**PROBLEM:** What you give must be the lines from the one containing "Steph Rule 424" through the last line of the listing below, exactly, with nothing else and no pictures.

**GIVEN INFORMATION:**
=== Begin Enclosure ===

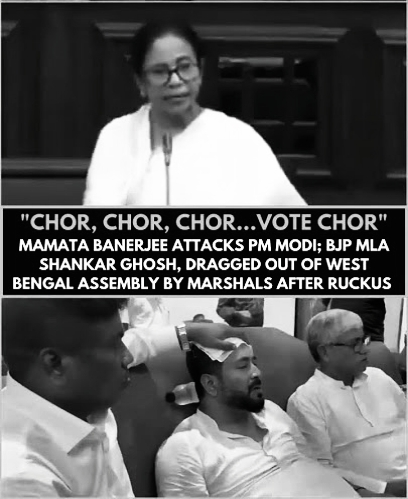 Bengal Politics Biggest Showdown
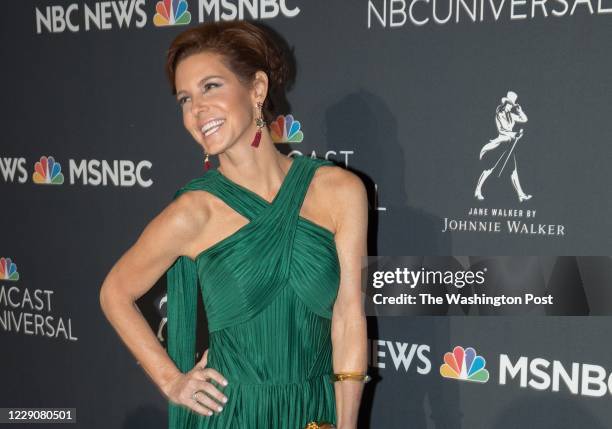 Steph Rule 424 Msnbc Correspondents Photos & High Res Pictures - Getty Images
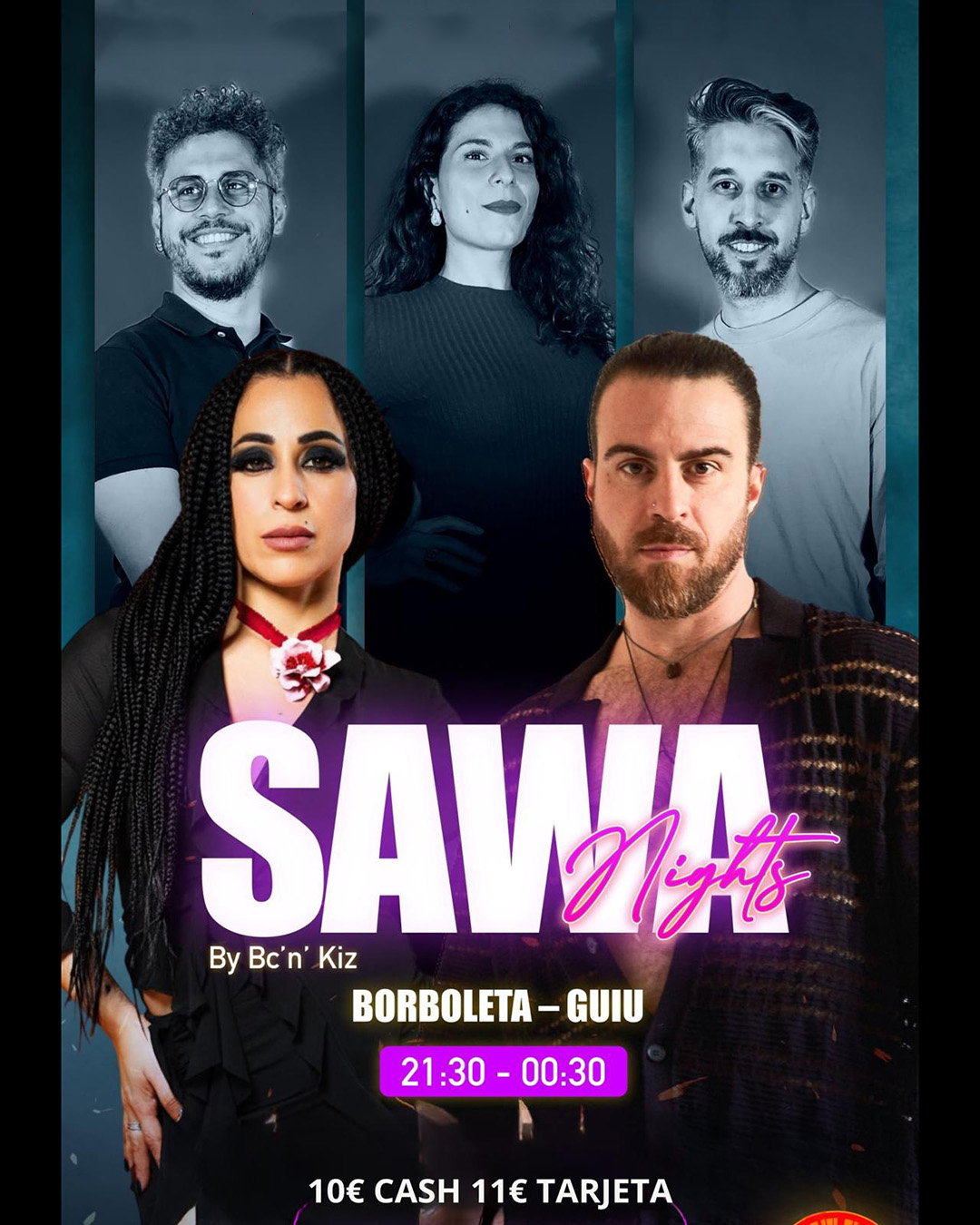 SAWA NIGHTS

=== End Enclosure ===

**RESPONSE FOR THIS EXERCISE:**
 Steph Rule 424 Msnbc Correspondents Photos & High Res Pictures - Getty Images
 SAWA NIGHTS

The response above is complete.